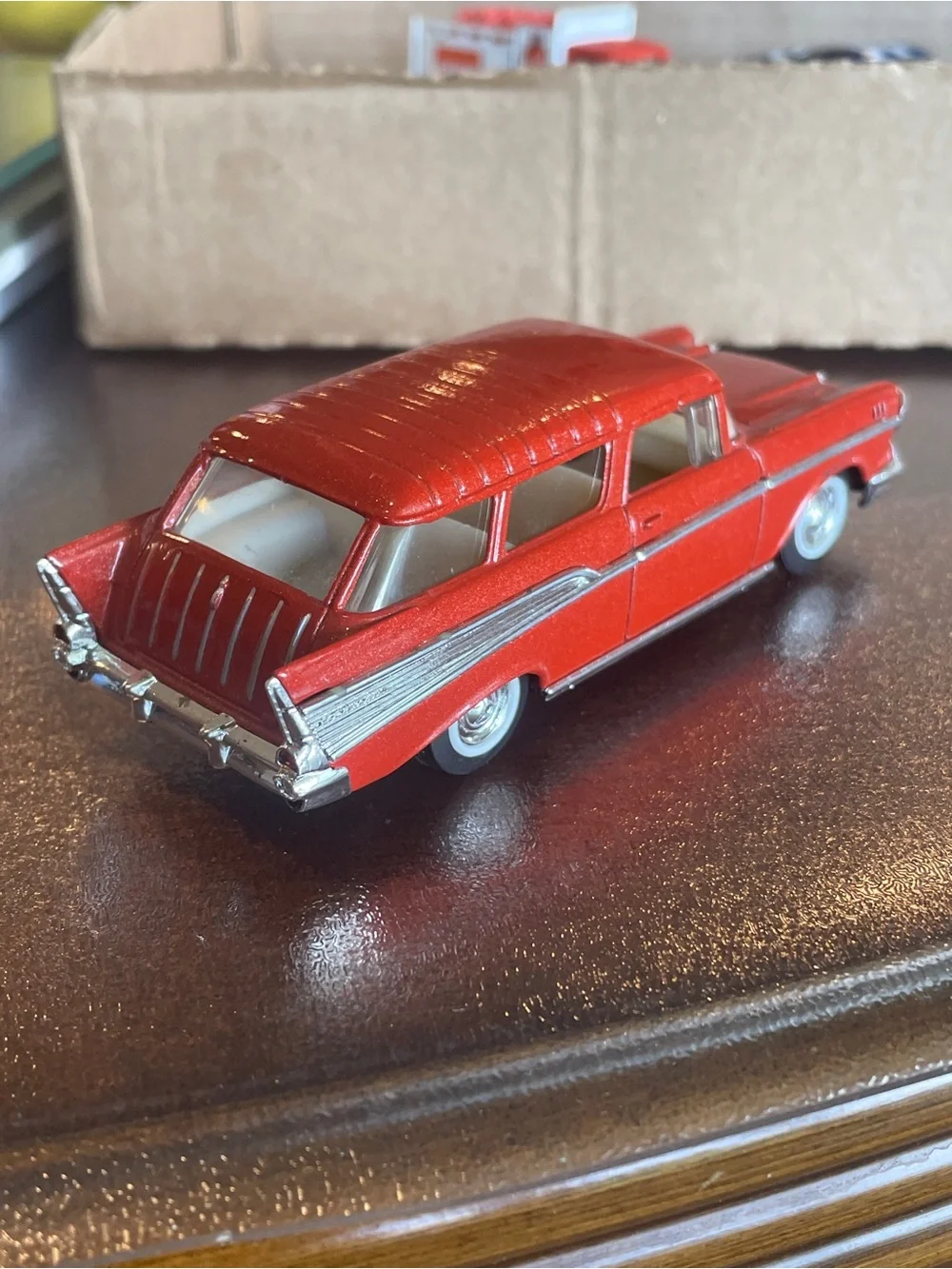 Road signature 57 Chevrolet nomad 1:43 scale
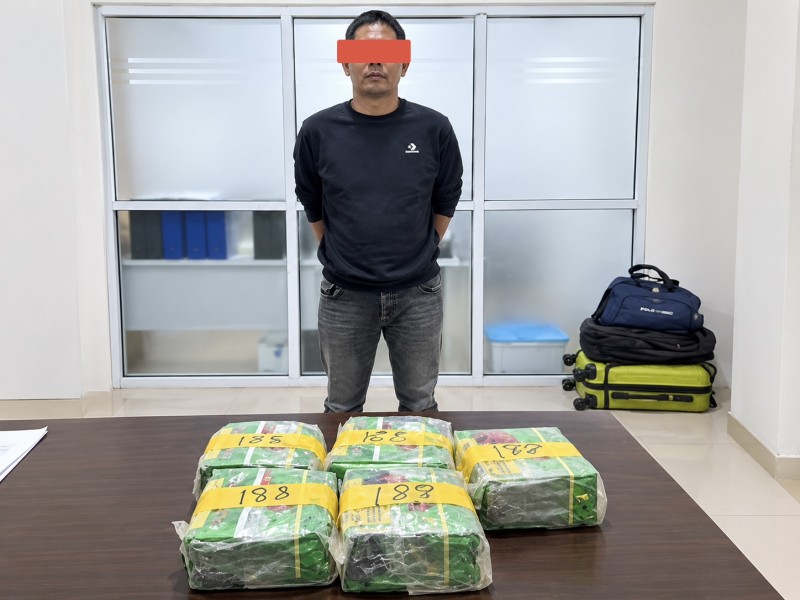 BNNP Riau Gagalkan Peredaran 5 Kg Sabu, Disembunyikan dalam Koper di Guest House Pekanbaru
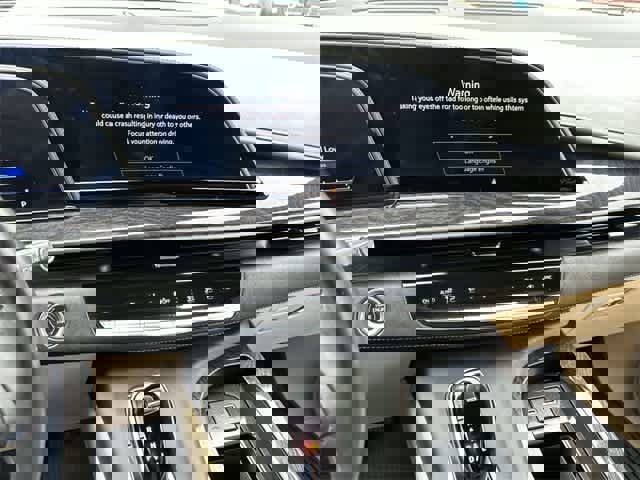 Used 2023 Cadillac Escalade ESV Premium Luxury image 24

• _Exercise description_: Each line above must be repeated exactly in the answer, with pictures omitted.

• _Task solution_:
 Road signature 57 Chevrolet nomad 1:43 scale
 BNNP Riau Gagalkan Peredaran 5 Kg Sabu, Disembunyikan dalam Koper di Guest House Pekanbaru
 Used 2023 Cadillac Escalade ESV Premium Luxury image 24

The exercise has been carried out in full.